* [EXERCISE AIM]: Please print exactly the lines from the line containing "5th image of 11923 Tyler Dr" through the end of the data, no more, and keep pictures out of the copy.

* [DATA]:
((

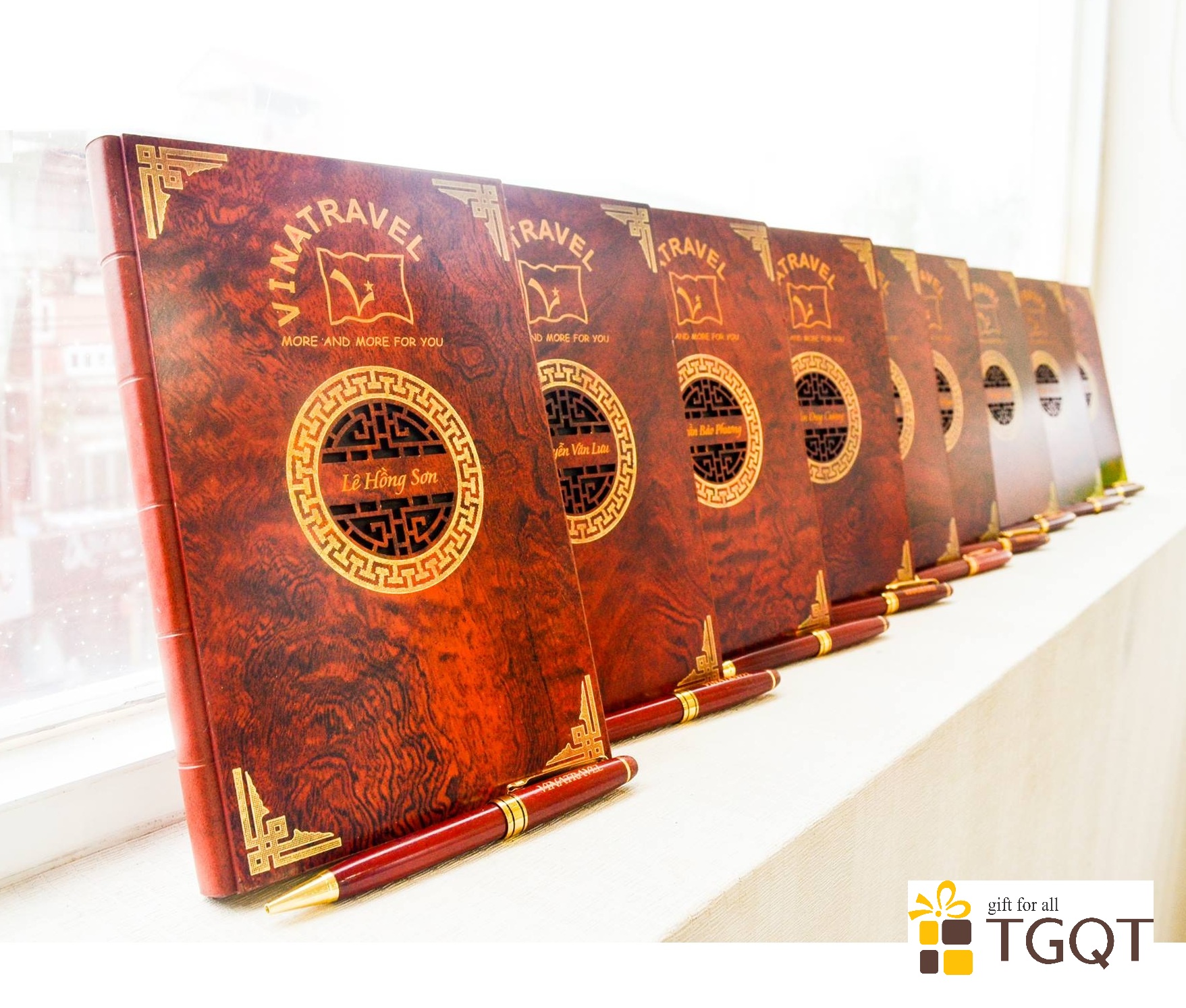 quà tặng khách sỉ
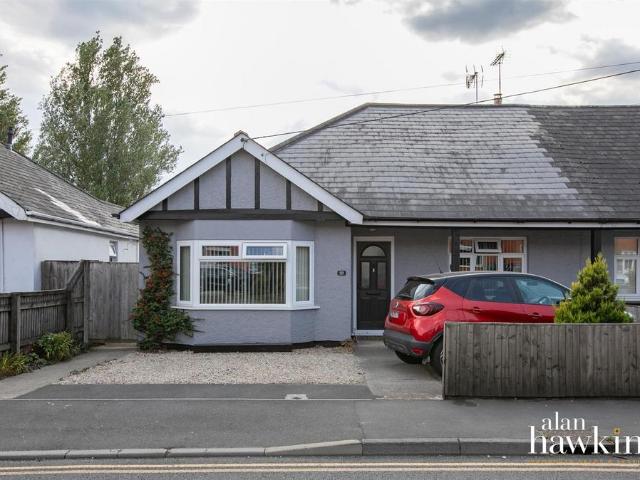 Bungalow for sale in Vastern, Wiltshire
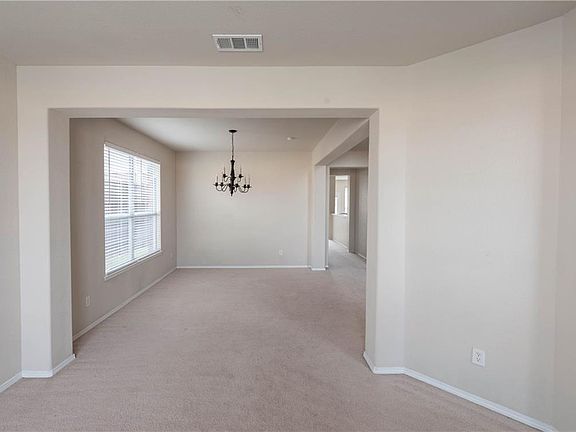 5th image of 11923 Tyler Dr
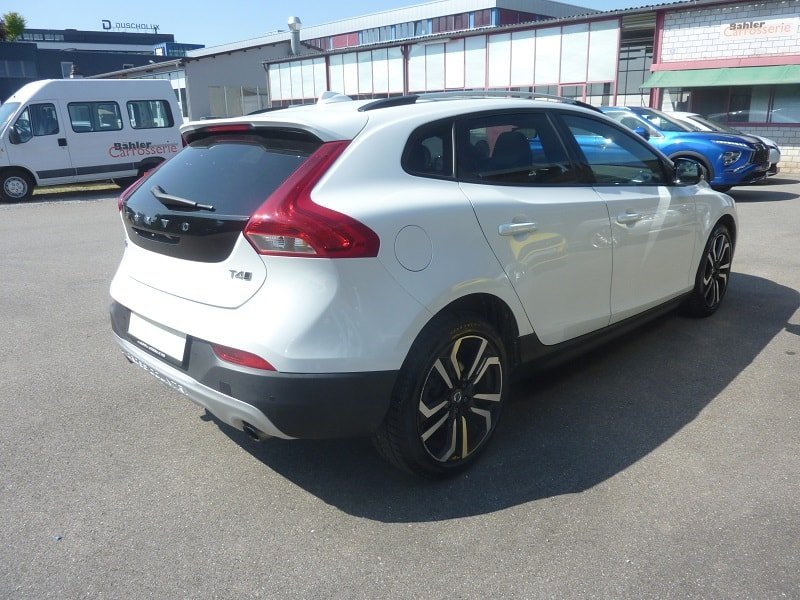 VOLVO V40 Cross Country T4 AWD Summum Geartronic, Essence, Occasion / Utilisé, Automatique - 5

))

* [EXERCISE RESULT]:
 5th image of 11923 Tyler Dr
 VOLVO V40 Cross Country T4 AWD Summum Geartronic, Essence, Occasion / Utilisé, Automatique - 5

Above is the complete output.